あまりの人気から販売地域が12都道府県に限られていたが、4月18日から全国販売が開始される

──なぜ、アイコスのような商品を作ったのですか?

 今、世界のたばこ需要は年々、減少しています。特に先進国では、健康リスクへの懸念を理由にたばこを辞める人が増えています。このままでは、たばこビジネスは衰退してしまいます。

 われわれが置かれている状況は、2012年に倒産した写真フィルムの巨人、米コダックと似ています。何か手を打たなければ、遅かれ早かれ潰れてしまう。

 そこで、われわれは約10年前から、健康リスクを低減したたばこを作ろうと研究開発を始めました。これまで投資した研究開発費は約20億ドル(約2000億円)に上ります。この数字からも、われわれが単なる思いつきで取り組んでいるのではないと理解いただけると思います。

全ての紙巻きたばこのお客様に
アイコスにスイッチしてもらう

──これからアイコスの認知度を上げるためには何が必要ですか?

 まず、最初に申し上げたいのは、われわれの目標は、私たちの全ての既存のお客様に、紙巻きたばこからアイコスにスイッチしてもらう、ということです。
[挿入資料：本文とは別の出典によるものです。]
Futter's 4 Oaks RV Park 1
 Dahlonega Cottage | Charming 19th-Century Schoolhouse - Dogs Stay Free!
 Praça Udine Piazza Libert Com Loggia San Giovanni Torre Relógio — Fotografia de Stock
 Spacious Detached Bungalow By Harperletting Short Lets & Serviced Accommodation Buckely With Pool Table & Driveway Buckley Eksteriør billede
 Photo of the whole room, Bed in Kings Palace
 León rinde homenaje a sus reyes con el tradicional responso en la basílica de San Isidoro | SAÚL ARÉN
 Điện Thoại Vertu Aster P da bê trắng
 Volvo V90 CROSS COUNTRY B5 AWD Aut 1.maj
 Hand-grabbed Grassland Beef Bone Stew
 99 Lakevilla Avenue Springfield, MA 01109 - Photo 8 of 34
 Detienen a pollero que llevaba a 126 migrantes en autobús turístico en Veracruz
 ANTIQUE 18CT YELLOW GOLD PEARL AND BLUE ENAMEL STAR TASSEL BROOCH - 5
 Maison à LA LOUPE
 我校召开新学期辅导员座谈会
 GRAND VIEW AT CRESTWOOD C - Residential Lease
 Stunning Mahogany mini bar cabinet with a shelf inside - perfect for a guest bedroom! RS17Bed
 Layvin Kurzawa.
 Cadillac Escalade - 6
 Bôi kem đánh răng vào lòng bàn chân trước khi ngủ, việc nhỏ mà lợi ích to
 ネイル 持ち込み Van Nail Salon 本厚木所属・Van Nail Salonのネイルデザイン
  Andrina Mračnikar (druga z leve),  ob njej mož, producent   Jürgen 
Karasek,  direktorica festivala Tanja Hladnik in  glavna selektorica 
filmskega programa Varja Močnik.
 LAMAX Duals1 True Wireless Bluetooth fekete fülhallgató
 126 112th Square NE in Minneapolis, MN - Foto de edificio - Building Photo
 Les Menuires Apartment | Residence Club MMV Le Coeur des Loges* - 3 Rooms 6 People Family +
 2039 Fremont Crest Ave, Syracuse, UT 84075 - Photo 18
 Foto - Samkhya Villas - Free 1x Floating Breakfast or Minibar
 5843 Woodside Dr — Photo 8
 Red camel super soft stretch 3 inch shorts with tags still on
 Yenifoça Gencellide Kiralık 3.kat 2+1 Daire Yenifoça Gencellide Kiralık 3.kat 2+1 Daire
 1月末の数値では、既に発売している12都道府県におけるアイコスのシェアは1.2%で、急スピートで拡大しています。スイス本社のCEOも、今後5~10年くらいで弊社のポートフォリオの10~15%程度をアイコスなどのリスク低減商品が占める、と発言しており、本気でたばこ市場を変えようと思っています。

 ただし、そのためには規制を変える必要があります。既に日本のいくつかの市町村は、アイコスを外で吸えるように規制を変更しています。

 そもそも、外での喫煙は、火や灰が出ることによる危険性が問題視されて規制されているケースが多いのですが、アイコスは火も灰も出ません。これまでのたばこ製品とは違った商品なので、新たな規制を設けるべきだと思います。